A new study shows that many OB-GYNs are uncomfortable counseling their patients on fertility.
This is surprising at a time when more women are delaying pregnancy and needing their doctors to educate them.
"We found that most OB-GYNs don't bring up fertility with every patient, often because they believe the patient would bring it up if she wanted to discuss it," said Rashmi Kudesia, M.D., reproductive endocrinology and infertility specialist at Houston Methodist and CCRM Houston and lead author on the study, published in the Journal of Reproductive Medicine.
"It's a missed opportunity when OB-GYNs don't start the conversation because many women are routinely exposed to conflicting information about fertility, leading many to believe that they'll have no issues conceiving and delivering."
According to Science Daily, 82% of OB-GYNs surveyed believe women receive mixed messages about their optimal fertility window, and 68% said women seem to believe they can indefinitely postpone making childbearing plans.
"It isn't unusual for women to believe that assisted reproductive technologies like IVF are their safety net because they hear so many success stories," Kudesia said. "The reality is that IVF only has a 5% success rate for women in their mid-40s."
The team found that OB-GYNs were more likely to provide fertility counseling to married women between the ages of 27-40. For all age groups, single and lesbian women were less likely to receive fertility counseling than married women. The 117 physicians who participated provided more counseling on contraception than fertility in nearly all age and relationship status groups.

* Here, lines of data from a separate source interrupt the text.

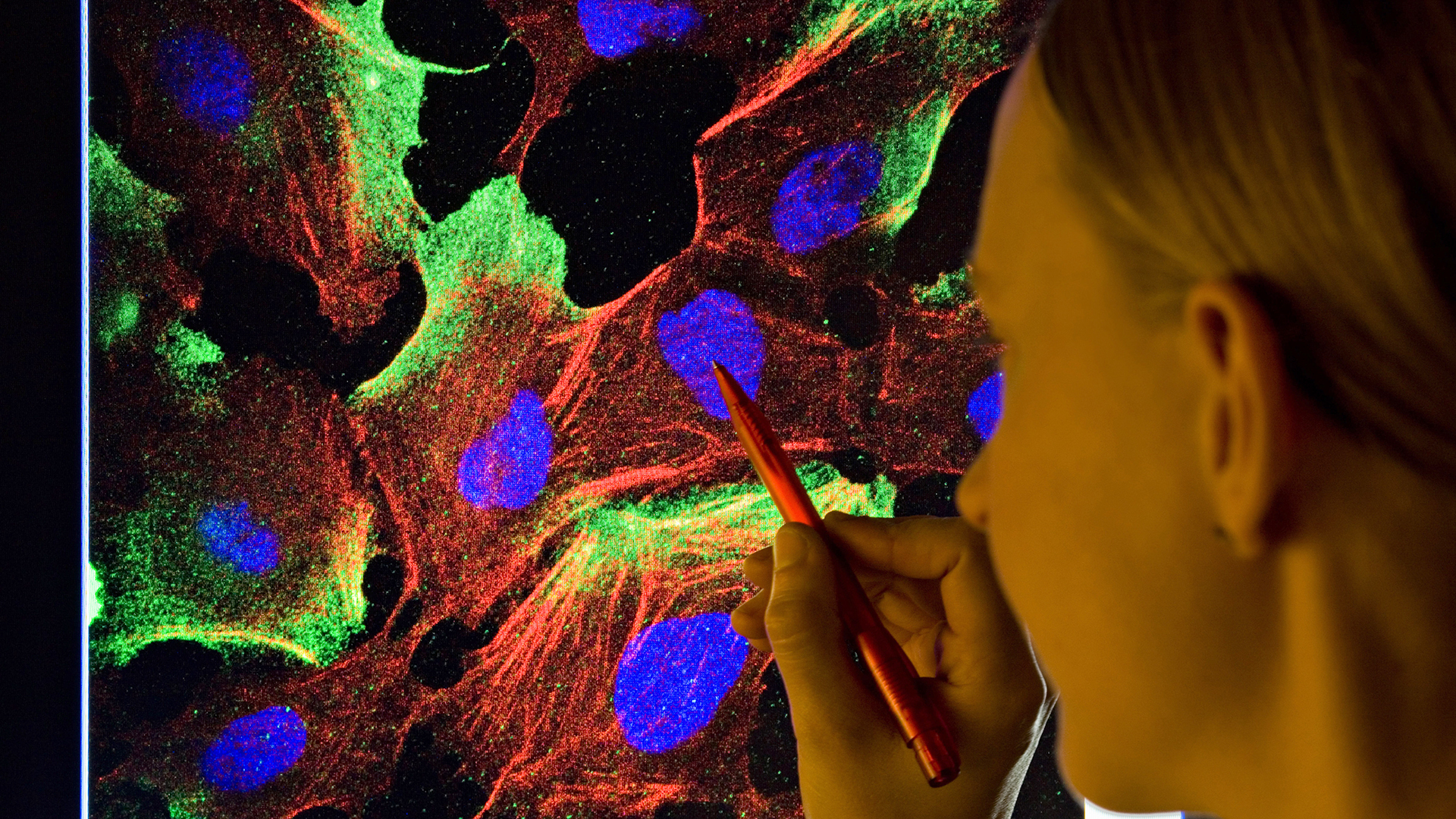 Eine Wissenschaftlerin betrachtet Krebszellen in tausendfacher Vergrösserung. | picture alliance / Jürgen Löse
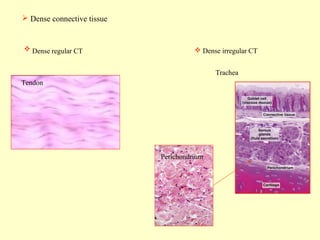  Dense connective tissue

 Dense regular CT

 Dense irregular CT
Trachea

Tendon

Perichondrium

 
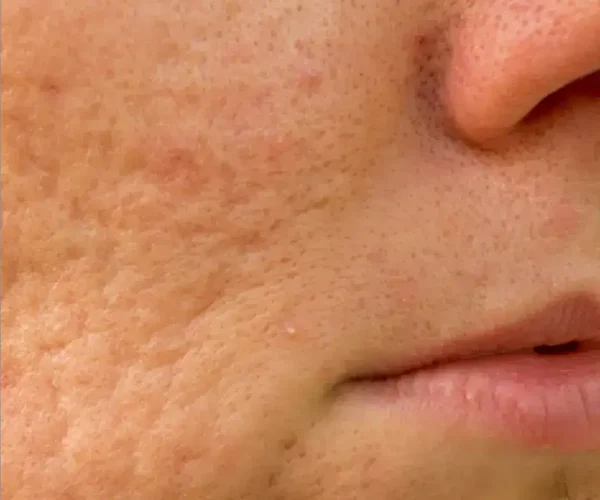 ice pick scars - acne type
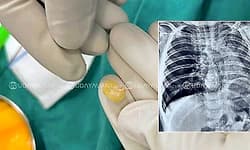 ಶ್ವಾಸನಾಳದಲ್ಲಿ ಕಡಲೇಬೀಜ ಸಿಲುಕಿ ಉಸಿರಾಟದ ತೊಂದರೆ: ವೈದ್ಯರಿಂದ 10 ತಿಂಗಳ ಮಗುವಿನ ರಕ್ಷಣೆ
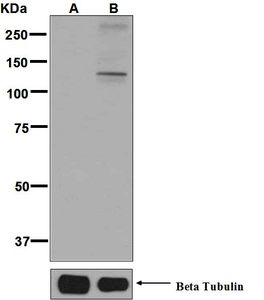 Western blot analysis on 293T cell lysates using anti-Phospho-KSR1 (pS392) antibody. Cells were either (A) untreated or (B) treated with Calyculin A.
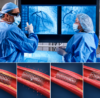 Illustration showing in-stent restenosis where scar tissue causes artery re-narrowing after coronary angioplasty and stent placement.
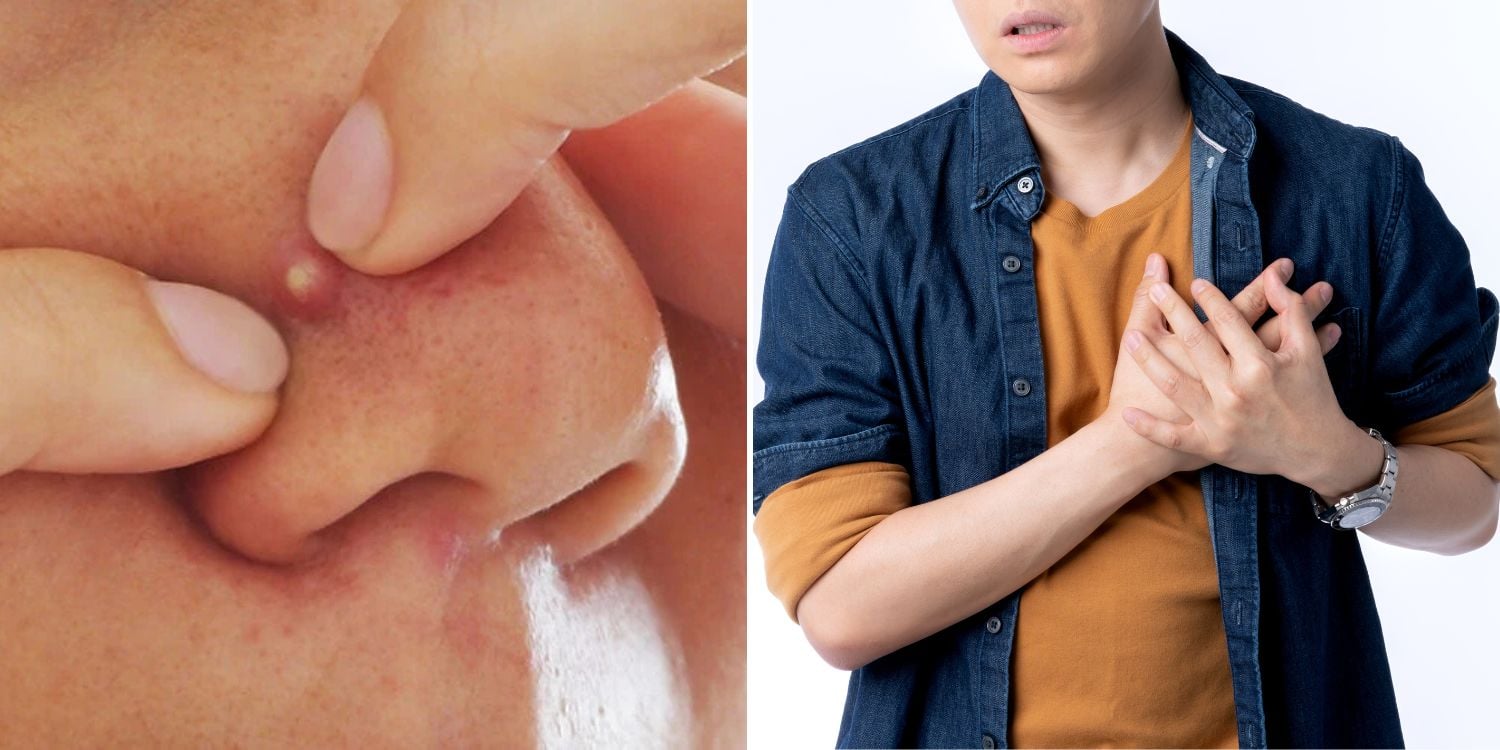 lung necrosis popping pimple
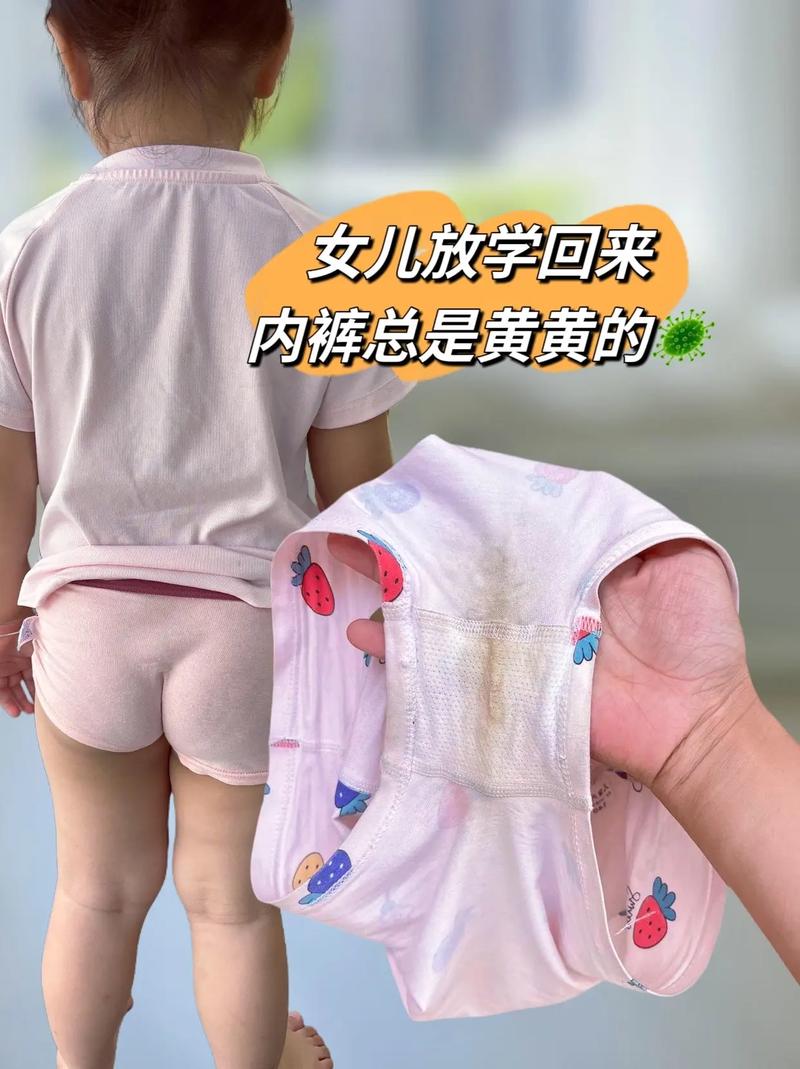 新生儿下面白色粘稠物是什么？需要清理吗？会影响健康吗？-第3张图片-郑州医学网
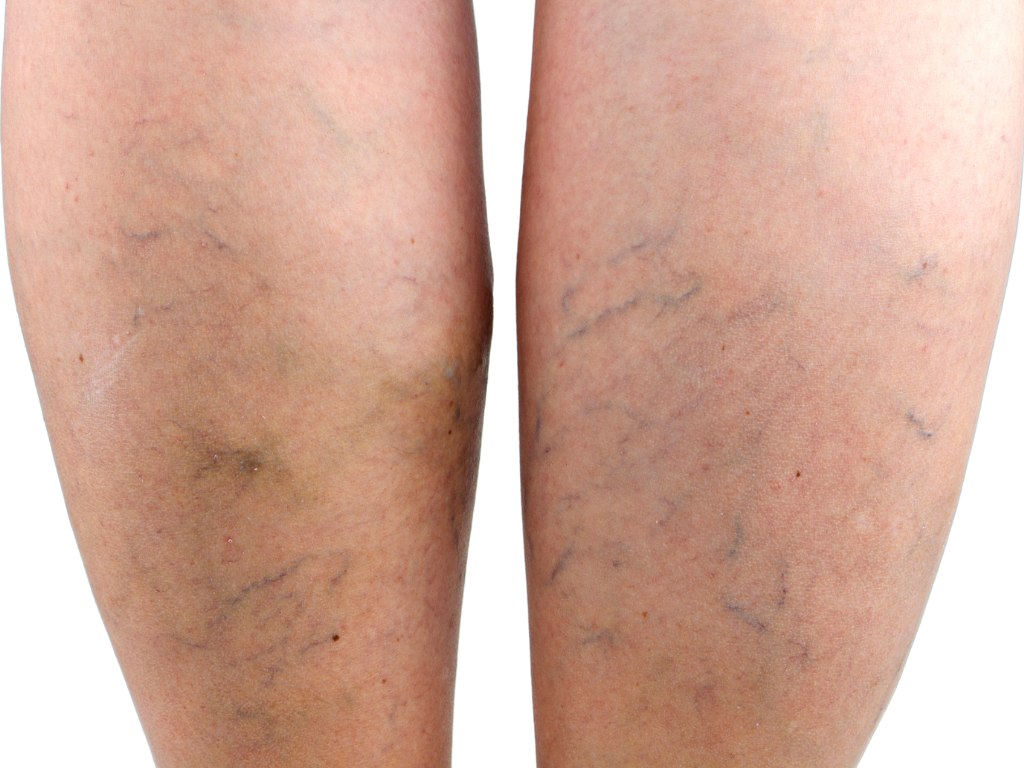 Spider Vein Treatment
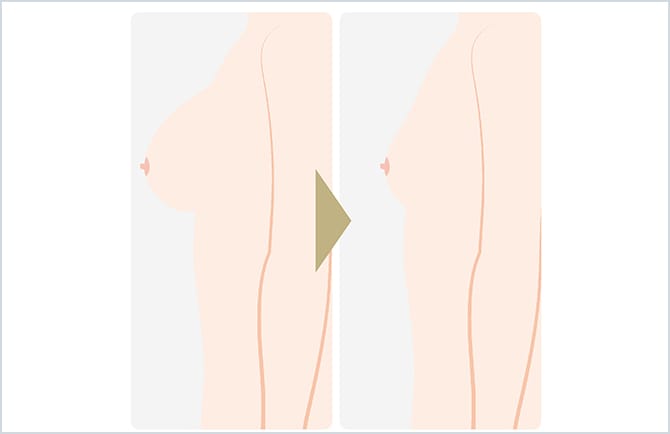 乳房縮小術のイラスト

"The results tell me that regardless of current relationship status or future plans for pregnancy, women need to bring up fertility at their next well-woman exam or ask for a referral to a fertility specialist," Kudesia said. "Women who want to wait several years and even those who think they don't want kids at all should still talk to their doctor about fertility so that they can make an informed decision about what is best for them."
According to the American Society for Reproductive Medicine, fertility changes with age and following puberty, both males and females become fertile in their teenage years. For girls, the beginning of their reproductive years is marked by the onset of ovulation and menstruation. Generally, reproductive potential decreases as women get older, and fertility can be expected to end 5 to 10 years before menopause.
Today, age-related infertility is becoming more common as more women wait until their 30s to begin their families. Even though women today are healthier and taking better care of themselves, this does not offset the natural age-related decline in fertility. Fertility declines as a woman ages due to the normal age-related decrease in the number of eggs that remain in her ovaries. This decline may take place much sooner than most women expect.